- Work task: Your copy should contain exactly the lines from the one that holds "芝ロイヤービルの間取図画像" through the end of the material, reproduced as written, with no pictures.

***

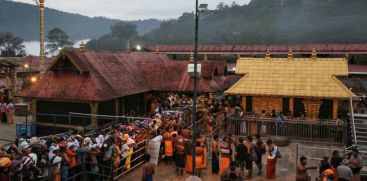 Sabarimala Temple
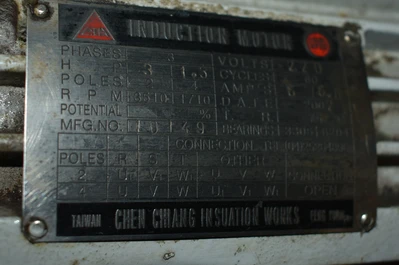 JAGER FHCC-275 Cold & Friction | Mohawk Machinery (4)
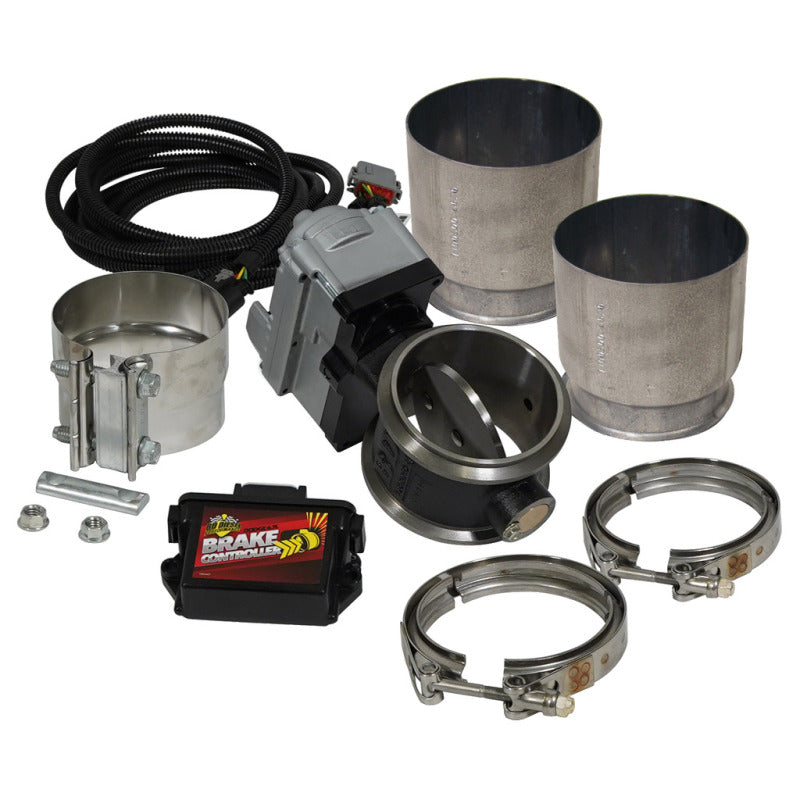 BD Diesel Electronic Exhaust Brake - 2013-2024 Ram 2500/3500 6.7L Cummins - part 1027349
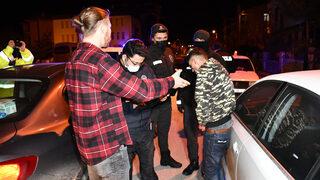 Soğukta titreyen gasp mağduru: 50 lira kazanmazsam babam dövüyor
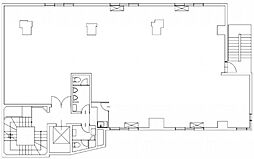 芝ロイヤービルの間取図画像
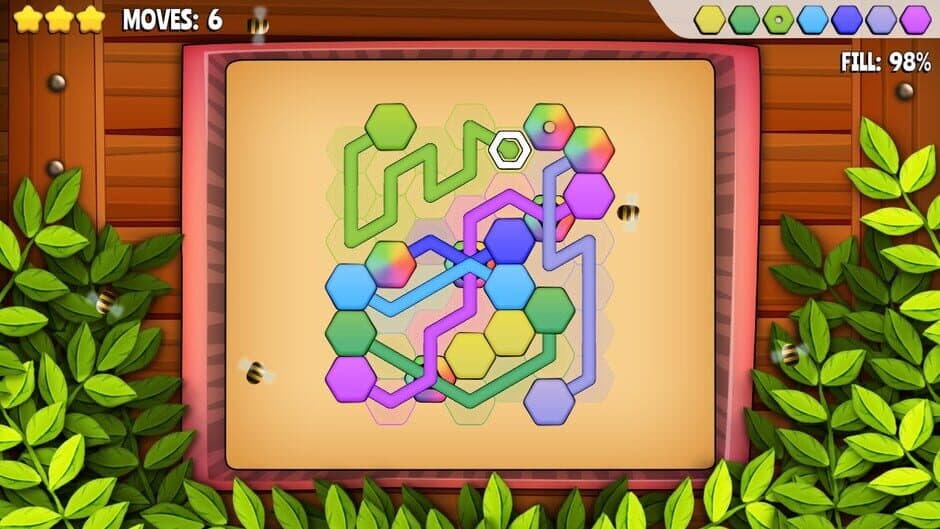 Flowlines Vs. screenshot 2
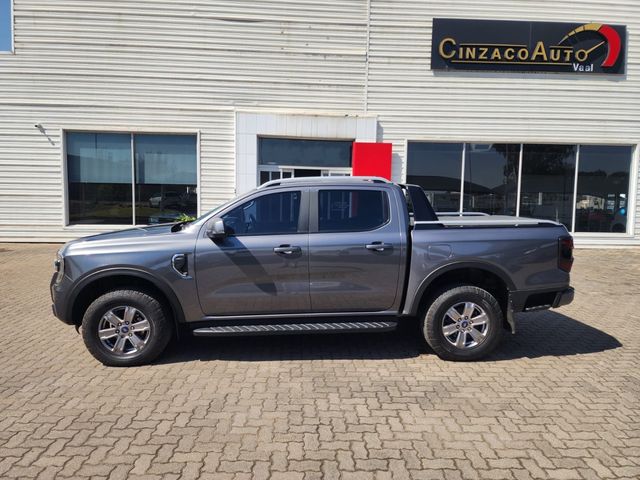 2025 Ford Ranger 2.0D XLT HR Double Cab Auto, photo 5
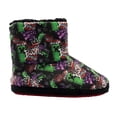 thumbnail image 1 of Minecraft Boys All-Over Print Slipper Boots, 1 of 4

***

- Exercise result:
 芝ロイヤービルの間取図画像
 Flowlines Vs. screenshot 2
 2025 Ford Ranger 2.0D XLT HR Double Cab Auto, photo 5
 thumbnail image 1 of Minecraft Boys All-Over Print Slipper Boots, 1 of 4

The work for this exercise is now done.